What you will do
Scan the records below for the line with "Фото Days Inn" and the line with "Wrap cu legume și piersică". Repeat those two lines and every line between them exactly, and nothing else.

Data provided
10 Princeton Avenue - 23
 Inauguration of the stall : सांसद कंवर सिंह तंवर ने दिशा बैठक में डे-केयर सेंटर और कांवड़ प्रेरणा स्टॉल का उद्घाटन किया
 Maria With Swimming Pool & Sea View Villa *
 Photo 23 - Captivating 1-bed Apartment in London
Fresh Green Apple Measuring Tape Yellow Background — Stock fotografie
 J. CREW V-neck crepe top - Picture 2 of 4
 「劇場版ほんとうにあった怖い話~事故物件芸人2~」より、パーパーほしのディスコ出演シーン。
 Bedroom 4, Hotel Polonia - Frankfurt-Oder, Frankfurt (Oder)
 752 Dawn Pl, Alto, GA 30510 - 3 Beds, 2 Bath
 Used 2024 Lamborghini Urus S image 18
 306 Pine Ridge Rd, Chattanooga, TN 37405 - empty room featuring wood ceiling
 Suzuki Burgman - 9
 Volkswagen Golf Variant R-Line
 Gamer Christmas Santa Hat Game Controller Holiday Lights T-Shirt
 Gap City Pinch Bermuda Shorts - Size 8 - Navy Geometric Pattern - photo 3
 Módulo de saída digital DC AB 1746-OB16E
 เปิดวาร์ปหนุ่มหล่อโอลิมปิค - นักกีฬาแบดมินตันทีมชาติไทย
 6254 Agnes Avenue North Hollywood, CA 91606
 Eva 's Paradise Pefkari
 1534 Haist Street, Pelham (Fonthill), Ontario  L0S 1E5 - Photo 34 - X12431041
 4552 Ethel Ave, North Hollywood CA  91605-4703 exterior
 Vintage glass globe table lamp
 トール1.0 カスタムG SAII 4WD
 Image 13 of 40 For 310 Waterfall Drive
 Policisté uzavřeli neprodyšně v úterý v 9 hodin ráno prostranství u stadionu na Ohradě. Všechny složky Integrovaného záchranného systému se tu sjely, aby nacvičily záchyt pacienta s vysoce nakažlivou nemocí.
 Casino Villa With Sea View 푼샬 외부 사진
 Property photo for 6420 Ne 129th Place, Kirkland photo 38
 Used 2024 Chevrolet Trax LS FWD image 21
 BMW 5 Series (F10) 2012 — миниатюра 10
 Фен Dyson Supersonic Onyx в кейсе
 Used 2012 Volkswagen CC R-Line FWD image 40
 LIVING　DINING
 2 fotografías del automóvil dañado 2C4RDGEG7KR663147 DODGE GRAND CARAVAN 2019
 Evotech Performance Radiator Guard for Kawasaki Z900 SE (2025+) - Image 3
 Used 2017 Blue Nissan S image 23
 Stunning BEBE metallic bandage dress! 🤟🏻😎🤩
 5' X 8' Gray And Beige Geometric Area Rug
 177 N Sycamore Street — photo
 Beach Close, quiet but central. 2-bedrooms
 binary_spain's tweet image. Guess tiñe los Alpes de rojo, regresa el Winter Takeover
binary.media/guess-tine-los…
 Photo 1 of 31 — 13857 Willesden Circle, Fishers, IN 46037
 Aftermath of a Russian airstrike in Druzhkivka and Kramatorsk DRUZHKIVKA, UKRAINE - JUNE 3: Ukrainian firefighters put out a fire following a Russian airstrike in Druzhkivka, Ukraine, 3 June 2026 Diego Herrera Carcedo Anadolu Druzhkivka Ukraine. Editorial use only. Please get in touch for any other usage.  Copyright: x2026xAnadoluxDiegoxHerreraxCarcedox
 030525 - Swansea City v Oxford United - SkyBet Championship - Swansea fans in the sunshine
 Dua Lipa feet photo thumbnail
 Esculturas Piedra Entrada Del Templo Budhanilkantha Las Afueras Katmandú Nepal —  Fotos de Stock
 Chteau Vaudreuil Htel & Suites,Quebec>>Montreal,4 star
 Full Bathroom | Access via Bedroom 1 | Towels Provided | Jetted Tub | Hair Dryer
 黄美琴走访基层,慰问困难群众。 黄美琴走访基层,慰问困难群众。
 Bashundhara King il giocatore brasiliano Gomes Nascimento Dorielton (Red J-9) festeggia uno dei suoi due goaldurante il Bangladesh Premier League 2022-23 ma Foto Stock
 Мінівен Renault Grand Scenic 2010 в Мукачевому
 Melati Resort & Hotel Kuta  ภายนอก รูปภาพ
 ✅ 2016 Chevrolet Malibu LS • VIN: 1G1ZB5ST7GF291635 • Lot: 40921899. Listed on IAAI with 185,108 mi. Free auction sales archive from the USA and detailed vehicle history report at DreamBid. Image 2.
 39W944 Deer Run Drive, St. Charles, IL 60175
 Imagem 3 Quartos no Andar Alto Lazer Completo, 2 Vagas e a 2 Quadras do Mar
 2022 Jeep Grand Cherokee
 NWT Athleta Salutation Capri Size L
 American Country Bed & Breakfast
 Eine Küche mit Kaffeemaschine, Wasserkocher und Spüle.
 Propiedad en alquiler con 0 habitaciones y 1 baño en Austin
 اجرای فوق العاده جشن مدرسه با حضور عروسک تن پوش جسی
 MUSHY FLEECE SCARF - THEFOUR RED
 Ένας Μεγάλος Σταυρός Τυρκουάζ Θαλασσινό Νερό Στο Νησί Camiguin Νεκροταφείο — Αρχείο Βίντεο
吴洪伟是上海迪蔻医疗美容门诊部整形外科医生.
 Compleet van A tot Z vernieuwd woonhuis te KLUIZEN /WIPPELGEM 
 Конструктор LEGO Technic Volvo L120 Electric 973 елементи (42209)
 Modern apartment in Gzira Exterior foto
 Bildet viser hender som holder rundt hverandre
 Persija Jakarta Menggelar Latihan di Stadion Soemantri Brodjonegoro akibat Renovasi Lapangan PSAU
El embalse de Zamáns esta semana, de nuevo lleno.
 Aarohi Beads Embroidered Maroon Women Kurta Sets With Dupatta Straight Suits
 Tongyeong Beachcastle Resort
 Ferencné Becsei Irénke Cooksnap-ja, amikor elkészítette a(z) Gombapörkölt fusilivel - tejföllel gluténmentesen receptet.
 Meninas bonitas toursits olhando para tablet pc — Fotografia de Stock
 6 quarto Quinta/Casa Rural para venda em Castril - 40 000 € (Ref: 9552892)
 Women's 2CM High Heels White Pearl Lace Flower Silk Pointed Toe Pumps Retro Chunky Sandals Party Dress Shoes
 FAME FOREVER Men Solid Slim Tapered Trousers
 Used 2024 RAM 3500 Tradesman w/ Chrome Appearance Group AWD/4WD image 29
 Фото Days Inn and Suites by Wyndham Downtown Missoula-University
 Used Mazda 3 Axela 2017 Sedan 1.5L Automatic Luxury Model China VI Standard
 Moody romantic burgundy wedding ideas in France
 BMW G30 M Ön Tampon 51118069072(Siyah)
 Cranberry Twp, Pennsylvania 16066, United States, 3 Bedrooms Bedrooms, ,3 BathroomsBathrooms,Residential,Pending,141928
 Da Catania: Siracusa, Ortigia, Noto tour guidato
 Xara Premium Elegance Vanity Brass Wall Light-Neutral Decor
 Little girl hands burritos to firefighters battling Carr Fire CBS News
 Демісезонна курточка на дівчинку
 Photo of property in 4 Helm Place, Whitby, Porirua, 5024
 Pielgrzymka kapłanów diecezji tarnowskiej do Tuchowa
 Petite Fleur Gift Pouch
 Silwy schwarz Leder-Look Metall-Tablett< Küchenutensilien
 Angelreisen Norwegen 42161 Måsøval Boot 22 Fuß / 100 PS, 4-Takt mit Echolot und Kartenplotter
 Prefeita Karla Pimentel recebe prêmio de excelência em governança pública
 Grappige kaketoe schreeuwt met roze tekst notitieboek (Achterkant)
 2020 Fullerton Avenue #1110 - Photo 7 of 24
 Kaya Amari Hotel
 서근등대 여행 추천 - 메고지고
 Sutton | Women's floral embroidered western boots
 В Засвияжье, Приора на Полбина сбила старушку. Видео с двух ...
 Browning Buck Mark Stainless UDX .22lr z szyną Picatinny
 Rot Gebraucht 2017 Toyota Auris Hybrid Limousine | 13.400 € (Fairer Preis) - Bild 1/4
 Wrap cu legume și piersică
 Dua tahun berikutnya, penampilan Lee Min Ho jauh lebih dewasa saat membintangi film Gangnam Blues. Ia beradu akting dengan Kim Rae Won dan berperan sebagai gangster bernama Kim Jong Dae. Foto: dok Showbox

Answer
 Фото Days Inn and Suites by Wyndham Downtown Missoula-University
 Used Mazda 3 Axela 2017 Sedan 1.5L Automatic Luxury Model China VI Standard
 Moody romantic burgundy wedding ideas in France
 BMW G30 M Ön Tampon 51118069072(Siyah)
 Cranberry Twp, Pennsylvania 16066, United States, 3 Bedrooms Bedrooms, ,3 BathroomsBathrooms,Residential,Pending,141928
 Da Catania: Siracusa, Ortigia, Noto tour guidato
 Xara Premium Elegance Vanity Brass Wall Light-Neutral Decor
 Little girl hands burritos to firefighters battling Carr Fire CBS News
 Демісезонна курточка на дівчинку
 Photo of property in 4 Helm Place, Whitby, Porirua, 5024
 Pielgrzymka kapłanów diecezji tarnowskiej do Tuchowa
 Petite Fleur Gift Pouch
 Silwy schwarz Leder-Look Metall-Tablett< Küchenutensilien
 Angelreisen Norwegen 42161 Måsøval Boot 22 Fuß / 100 PS, 4-Takt mit Echolot und Kartenplotter
 Prefeita Karla Pimentel recebe prêmio de excelência em governança pública
 Grappige kaketoe schreeuwt met roze tekst notitieboek (Achterkant)
 2020 Fullerton Avenue #1110 - Photo 7 of 24
 Kaya Amari Hotel
 서근등대 여행 추천 - 메고지고
 Sutton | Women's floral embroidered western boots
 В Засвияжье, Приора на Полбина сбила старушку. Видео с двух ...
 Browning Buck Mark Stainless UDX .22lr z szyną Picatinny
 Rot Gebraucht 2017 Toyota Auris Hybrid Limousine | 13.400 € (Fairer Preis) - Bild 1/4
 Wrap cu legume și piersică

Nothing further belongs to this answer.